Depois de quebrar com o Comics Code Authority, selo que zelava por uma censura nos quadrinhos americanos e regulava seu conteúdo, a Marvel se viu livre para criar seu próprio modelo de classificação etária. Em 2001, surgia então o selo MAX, que tinha como público alvo adultos e permitia conteúdo explícito em violência e linguajar, não precisando se limitar a restrições que eram norma na época. O primeiro título a levar MAX em sua capa foi Alias, do roteirista Brian Michael Bendis (Powers e Invasão secreta) e desenhada por Michael Gaydos (Powerless).

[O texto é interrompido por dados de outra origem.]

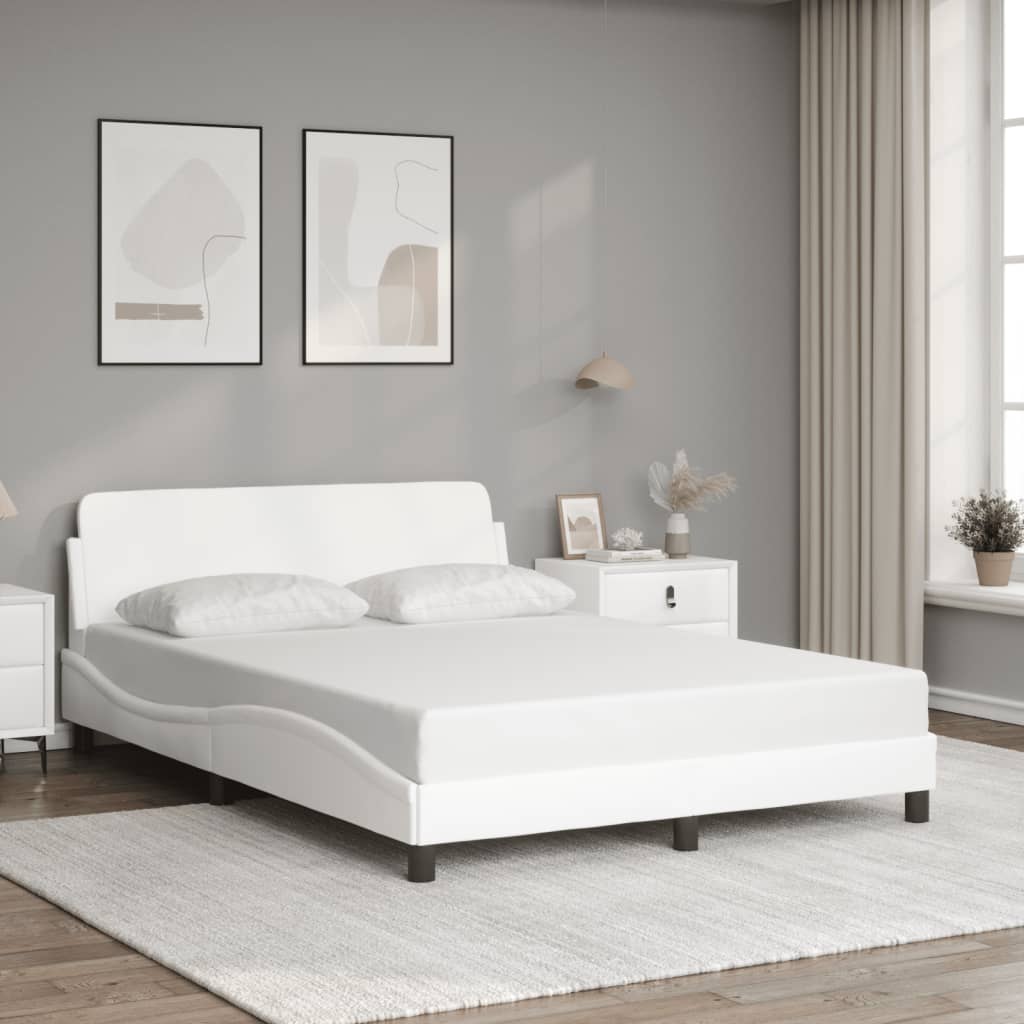 Bedframe "Dover" kunstleer wit 120x200 cm is nu te koop bij PeponiXL, paradijselijk wonen!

Alias mostra uma realidade diferente da normalmente usada pela Marvel, o universo 616, e traz a primeira aparição da personagem Jessica Jones, que mais tarde seria incorporada ao universo regular, em sua vida e investigações enquanto detetive particular da agência Codinome Investigações.

Em meio às páginas da história, existem várias referências diretas aos heróis da editora, além de aparições do Capitão America, da Miss Marvel e da agência de espionagem da Shield. No entanto, tudo é mostrado com uma ótica um pouco mais realista. Os personagens não são “onipresentes”, como comumente acontece em suas revistas, e são vistos como existências distantes do cidadão comum, como mitos reais ou super celebridades que nunca estão disponíveis, mas ao mesmo tempo, neste universo, mesmo heróis como o Capitão América são humanos falhos, com tentações e desejos, e padecem de situações que não seriam consideradas muito heróicas.